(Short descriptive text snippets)
%%
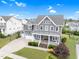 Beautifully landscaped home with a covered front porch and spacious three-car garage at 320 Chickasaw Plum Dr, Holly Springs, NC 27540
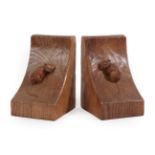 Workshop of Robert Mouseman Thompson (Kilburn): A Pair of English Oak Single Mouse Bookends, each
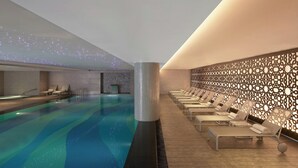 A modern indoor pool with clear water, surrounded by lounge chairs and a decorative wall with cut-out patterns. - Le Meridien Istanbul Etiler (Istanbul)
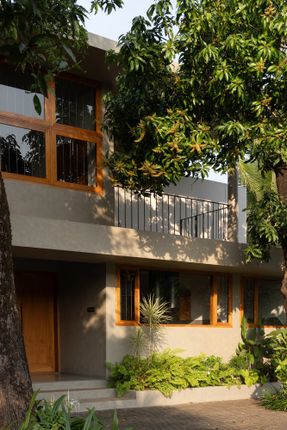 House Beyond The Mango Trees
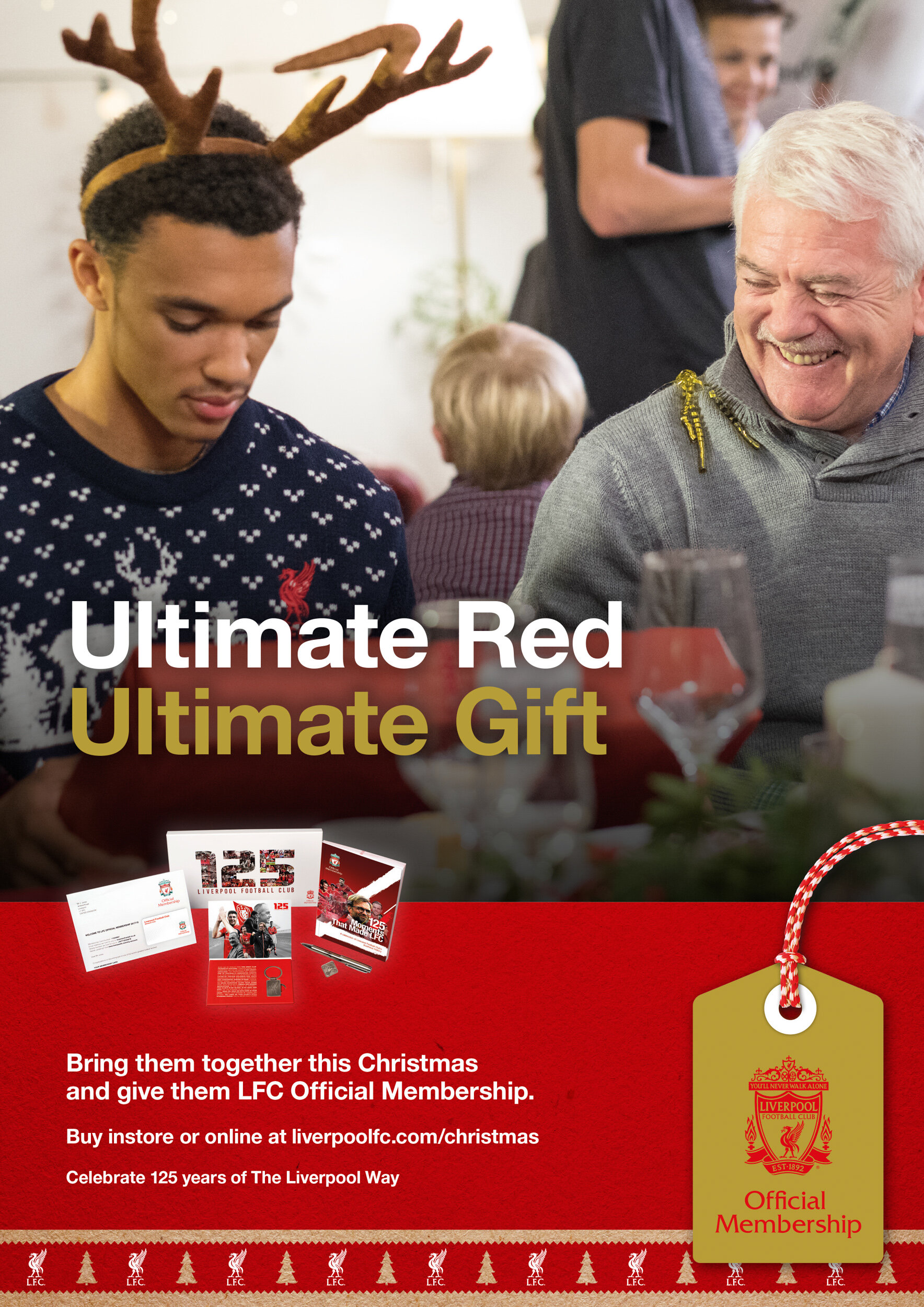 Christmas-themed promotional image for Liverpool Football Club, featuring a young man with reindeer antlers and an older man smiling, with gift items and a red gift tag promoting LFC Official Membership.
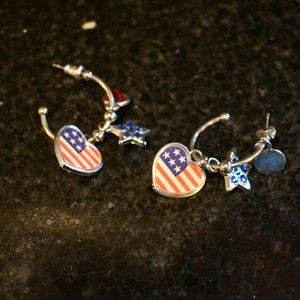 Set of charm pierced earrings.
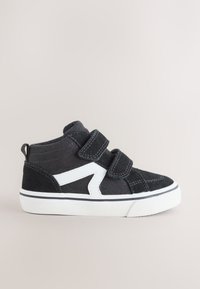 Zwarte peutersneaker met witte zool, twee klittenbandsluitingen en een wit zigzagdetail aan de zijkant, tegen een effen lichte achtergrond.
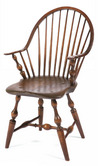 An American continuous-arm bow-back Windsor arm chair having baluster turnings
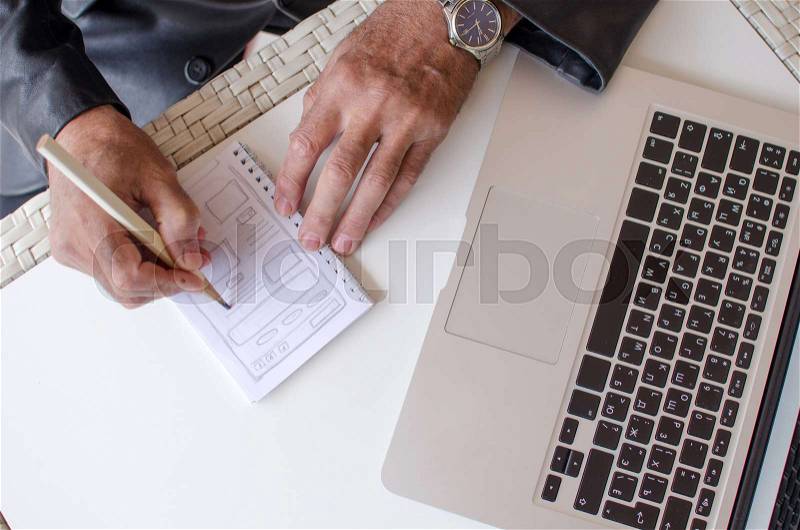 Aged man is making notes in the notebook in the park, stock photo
%%
**DIRECTIONS FOR THIS TASK:** Return all of the lines above without alteration, minus the pictures.

**WRITTEN SOLUTION:**
 Beautifully landscaped home with a covered front porch and spacious three-car garage at 320 Chickasaw Plum Dr, Holly Springs, NC 27540
 Workshop of Robert Mouseman Thompson (Kilburn): A Pair of English Oak Single Mouse Bookends, each
 A modern indoor pool with clear water, surrounded by lounge chairs and a decorative wall with cut-out patterns. - Le Meridien Istanbul Etiler (Istanbul)
 House Beyond The Mango Trees
 Christmas-themed promotional image for Liverpool Football Club, featuring a young man with reindeer antlers and an older man smiling, with gift items and a red gift tag promoting LFC Official Membership.
 Set of charm pierced earrings.
 Zwarte peutersneaker met witte zool, twee klittenbandsluitingen en een wit zigzagdetail aan de zijkant, tegen een effen lichte achtergrond.
 An American continuous-arm bow-back Windsor arm chair having baluster turnings
 Aged man is making notes in the notebook in the park, stock photo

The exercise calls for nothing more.